In the paper titled "NMPCB: A Lightweight and Safety-Critical Motion Control Framework," the authors propose an innovative framework designed to address safety and real-time performance in robot motion control within multi-obstacle environments. The framework, termed NMPCB, integrates a neural network-based path planner and a model predictive control (MPC) controller enhanced with control barrier functions (CBF), targeting a delicate balance between computational efficiency and safety.
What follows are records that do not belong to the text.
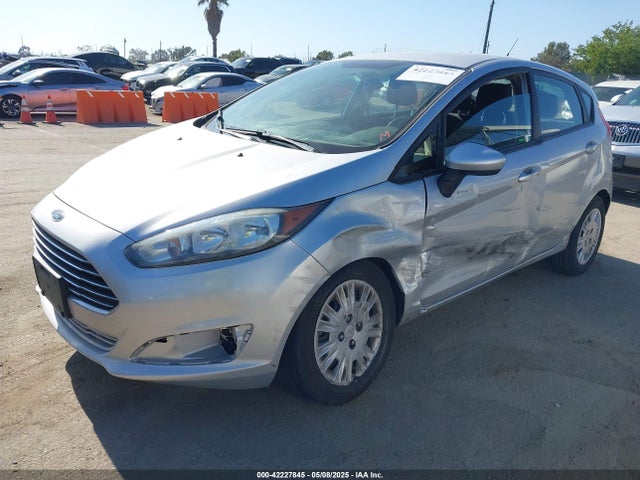 3FADP4TJ6JM125064 Ford 1.6l ti-vct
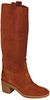 MARC BY MARCJACOBS SUEDE TALL BOOT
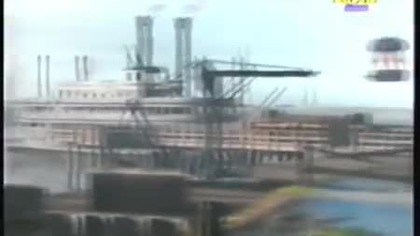 Żelazny Szeryf - 1996 - Western Lektor pl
Key Components and Methodology

The NMPCB framework is comprised of two core components:

1. Neural Network-Based Path Planner: This component employs a lightweight neural network that serves as a predictive tool for future target points in the robot's trajectory. The network is designed with an encoder-decoder architecture. Historical path data is processed to forecast subsequent positions which are used to formulate Dubins paths, acknowledged for their optimal curvature, as reference trajectories.
2. MPC with Dual Control Barrier Function (MPC-DCBF): This controller capitalizes on a novel use of CBFs to manage obstacle avoidance constraints. The dual CBF strategy innovatively bypasses traditional computational burdens by using dual problem formulations that facilitate real-time application. The dual CBF constraints ensure that control commands allow the robot to steer clear of obstacles with heightened precision and reduced computational time.
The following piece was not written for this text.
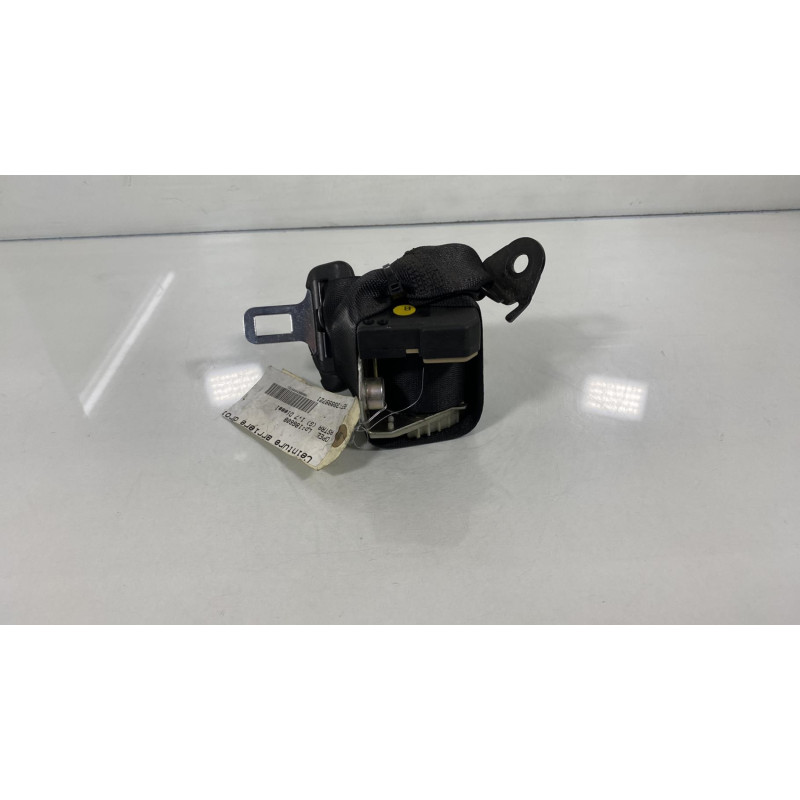 Ceinture arriere droit OPEL ASTRA G Photo n°1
Numerical and Experimental Validation

The framework’s efficacy was validated through a blend of numerical simulations and real-world experimental deployments. Comparison across different algorithm setups, such as Dubins Curves paired with MPC-DCBF versus Neural Dubins Model integrated with the enhanced dual DCBF controller, demonstrated significant improvements in both trajectory planning and safety outcomes. Simulation results highlighted the robustness of NMPCB in yielding collision-free paths in complex and cluttered environments. Empirical analysis through robotic experiments further validated these findings, underscoring the framework’s adaptability in dynamic scenarios with system setups like the Ackermann steering robot platform.

Strong Numerical Results

From the experiments conducted, the NMPCB framework showed an impressive reduction in computation time while maintaining a high success rate for collision avoidance. In numerous simulated trials, the framework outperformed conventional methods, particularly in high-density obstacle scenarios. The MDD-I variant, leveraging the dual DCBF, was found to present substantial computational advantages without sacrificing trajectory optimization quality.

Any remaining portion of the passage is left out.